The literature of railways is more crowded than a morning commuter train into Waterloo. There are more than 25,000 titles listed in George Otley’s Bibliography of British Railway History and more appear every week. However, the majority are aimed at rail enthusiasts who interest tends to be technical and detailed, rather than offering a wider historical perspective on the importance of the railways.
The classic books written during the height of interest in railways in the steam era by the likes of C Hamilton Ellis, OS Nock, Michael Robbins and, in particular, Jack Simmons are invariably out of print but mention must be made of the latter’s The Victorian Railway, (Thames & Hudson 1991) which is the most comprehensive account of the wider impact of the railway. One that was deservedly reprinted relatively recently is Terry Coleman’s The Railway Navvies (Pimlico 2000), the often harrowing account of the men who built the railways.
The most comprehensive recent history is Terry Gourvish’s two volumes on British Railways, British Railways 1948 – 1973, a business history (Cambridge University Press, 1986) and British Rail 1994 – 2007, from integration to privatization (Oxford University Press, 2002). They provide the warts and all history of the organisation whose reputation rather belies its achievements such as reducing its staff from 650,000 to 150,000 over its 50 year existence.

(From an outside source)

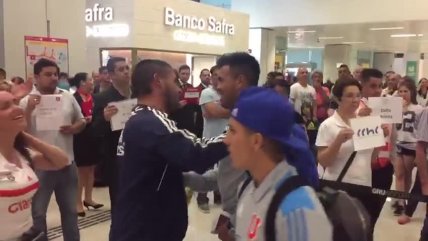 Hinchas de Universidad de Chile recibieron al plantel en Sao Paulo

Accounts of train journeys can be rather trainspotterish but Ian Marchant’s Parallel Lines (Bloomsbury 2003) is an amusing tour d’horizon of British railways history written while the author travelled round Britain by train.
The sheer breadth of railway history leads rather naturally to compilations. Andrew Dow’s Dictionary of Railway Quotations (The John Hopkins University Press, 2006) provides a wonderful array of what has been said about the railways from their creation nearly two centuries ago to the present day and he even provides the truth behind the famous ‘wrong kind of snow’ excuse for late running trains
Finally, the story of women in the rail industry is a greatly neglected one, despite the huge numbers who served on the railways in the two world wars whose story has been written out of conventional histories. Helena Wojtczak’s Railwaywomen (Hastings Press 2005) makes amends and will also, rarely of many railway books, appeal to both sexes.